(Extracted data entries)
·····
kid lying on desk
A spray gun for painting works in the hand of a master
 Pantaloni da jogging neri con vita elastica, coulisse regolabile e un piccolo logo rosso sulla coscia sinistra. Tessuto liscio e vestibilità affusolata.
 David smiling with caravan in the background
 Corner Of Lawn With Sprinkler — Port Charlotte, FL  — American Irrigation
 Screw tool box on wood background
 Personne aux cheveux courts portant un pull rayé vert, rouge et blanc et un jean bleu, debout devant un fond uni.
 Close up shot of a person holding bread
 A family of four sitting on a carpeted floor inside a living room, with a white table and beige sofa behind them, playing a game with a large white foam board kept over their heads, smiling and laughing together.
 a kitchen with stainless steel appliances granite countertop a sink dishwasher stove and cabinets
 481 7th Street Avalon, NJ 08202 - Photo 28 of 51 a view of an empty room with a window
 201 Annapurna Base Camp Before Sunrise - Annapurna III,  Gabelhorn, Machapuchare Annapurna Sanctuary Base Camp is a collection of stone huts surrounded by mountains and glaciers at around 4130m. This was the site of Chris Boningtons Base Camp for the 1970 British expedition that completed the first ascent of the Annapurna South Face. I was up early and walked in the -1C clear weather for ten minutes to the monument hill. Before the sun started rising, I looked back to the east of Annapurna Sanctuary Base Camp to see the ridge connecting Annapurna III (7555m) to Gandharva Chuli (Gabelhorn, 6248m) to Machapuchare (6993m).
·····
#### [Task to complete]
Every record must be transcribed precisely, down to the last character.

#### [Result of the exercise]
kid lying on desk
A spray gun for painting works in the hand of a master
 Pantaloni da jogging neri con vita elastica, coulisse regolabile e un piccolo logo rosso sulla coscia sinistra. Tessuto liscio e vestibilità affusolata.
 David smiling with caravan in the background
 Corner Of Lawn With Sprinkler — Port Charlotte, FL  — American Irrigation
 Screw tool box on wood background
 Personne aux cheveux courts portant un pull rayé vert, rouge et blanc et un jean bleu, debout devant un fond uni.
 Close up shot of a person holding bread
 A family of four sitting on a carpeted floor inside a living room, with a white table and beige sofa behind them, playing a game with a large white foam board kept over their heads, smiling and laughing together.
 a kitchen with stainless steel appliances granite countertop a sink dishwasher stove and cabinets
 481 7th Street Avalon, NJ 08202 - Photo 28 of 51 a view of an empty room with a window
 201 Annapurna Base Camp Before Sunrise - Annapurna III,  Gabelhorn, Machapuchare Annapurna Sanctuary Base Camp is a collection of stone huts surrounded by mountains and glaciers at around 4130m. This was the site of Chris Boningtons Base Camp for the 1970 British expedition that completed the first ascent of the Annapurna South Face. I was up early and walked in the -1C clear weather for ten minutes to the monument hill. Before the sun started rising, I looked back to the east of Annapurna Sanctuary Base Camp to see the ridge connecting Annapurna III (7555m) to Gandharva Chuli (Gabelhorn, 6248m) to Machapuchare (6993m).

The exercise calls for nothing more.